ABSTRACT

The form of neurosis described in this chapter is very common, and the name anxiety state may be applied to those cases in which the symptom of anxiety or angoisse is the most prominent and significant feature of the illness. A vast deal has been written about this symptom (angoisse or Angst), which is present at some time or other in all neurotic illness. Its manifestations, which are both mental and physical, are the invariable accompaniment of conflict within the personality. The absence of this symptom in certain hysterical cases is referred to and explained in the discussion on hysteria on page 172 but, as will be seen there, the exception is more apparent than real. Pathological anxiety is an intensification of normal anxiety—itself a conflict within the personality between the emotions of hope and fear with concomitant physical manifestations. The most characteristic of these is a spasm or irregular muscular action of the diaphragm, sometimes referred to by patients as “their insides turning over,” “a sinking in the pit of the stomach,” and so on. At the same time palpitation and other cardiac irregularities, sometimes accompanied by anginous pain, are very common, while pains in the head, giddiness, and swishing noises are often complained of.

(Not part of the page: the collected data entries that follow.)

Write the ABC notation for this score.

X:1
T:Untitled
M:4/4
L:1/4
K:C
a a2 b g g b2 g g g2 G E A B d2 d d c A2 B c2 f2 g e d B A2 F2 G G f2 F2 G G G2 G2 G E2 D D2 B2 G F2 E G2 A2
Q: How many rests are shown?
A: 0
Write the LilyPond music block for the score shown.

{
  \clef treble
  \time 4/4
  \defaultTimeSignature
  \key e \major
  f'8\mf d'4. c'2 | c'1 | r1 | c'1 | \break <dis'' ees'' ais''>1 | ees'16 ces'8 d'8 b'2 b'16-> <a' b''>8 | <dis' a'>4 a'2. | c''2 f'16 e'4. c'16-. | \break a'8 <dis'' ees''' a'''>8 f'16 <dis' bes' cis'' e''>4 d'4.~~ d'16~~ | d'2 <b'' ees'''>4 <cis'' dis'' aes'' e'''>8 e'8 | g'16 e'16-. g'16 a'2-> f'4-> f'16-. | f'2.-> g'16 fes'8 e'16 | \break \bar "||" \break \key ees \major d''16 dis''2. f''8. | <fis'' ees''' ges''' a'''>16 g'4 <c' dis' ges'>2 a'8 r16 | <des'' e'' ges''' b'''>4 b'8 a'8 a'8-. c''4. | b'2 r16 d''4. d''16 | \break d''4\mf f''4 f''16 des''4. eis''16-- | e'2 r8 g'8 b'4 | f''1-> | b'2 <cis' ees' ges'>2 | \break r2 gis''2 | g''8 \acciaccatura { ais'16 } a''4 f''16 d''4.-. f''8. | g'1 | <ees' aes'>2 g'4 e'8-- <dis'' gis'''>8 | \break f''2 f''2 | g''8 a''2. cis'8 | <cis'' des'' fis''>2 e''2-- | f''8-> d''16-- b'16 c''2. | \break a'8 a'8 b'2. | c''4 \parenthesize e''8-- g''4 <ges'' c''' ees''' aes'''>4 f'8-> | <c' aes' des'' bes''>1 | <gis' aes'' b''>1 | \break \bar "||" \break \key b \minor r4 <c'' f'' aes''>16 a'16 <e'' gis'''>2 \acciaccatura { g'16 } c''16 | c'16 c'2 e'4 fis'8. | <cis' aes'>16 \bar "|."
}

Less universally present symptoms are nausea and even vomiting, peristaltic irregularities, diarrhoea and tenesmus, “spasms” of all sorts, vaso-constrictions with cold extremities, asthma, air hunger or suffocation and disturbances of sweating salivation and other secretions, which may rarely be unilateral. The mental symptoms comprise intense apprehension and fear, sometimes with no specific object, but often with the emotion attached rather loosely and expressing itself as a dread of death, heart disease, insanity, etc. These more definite anxieties are however secondary, and the results of suggestions emanating from one or more of the physical accompaniments. Sleep is practically always disturbed and nightmares are present.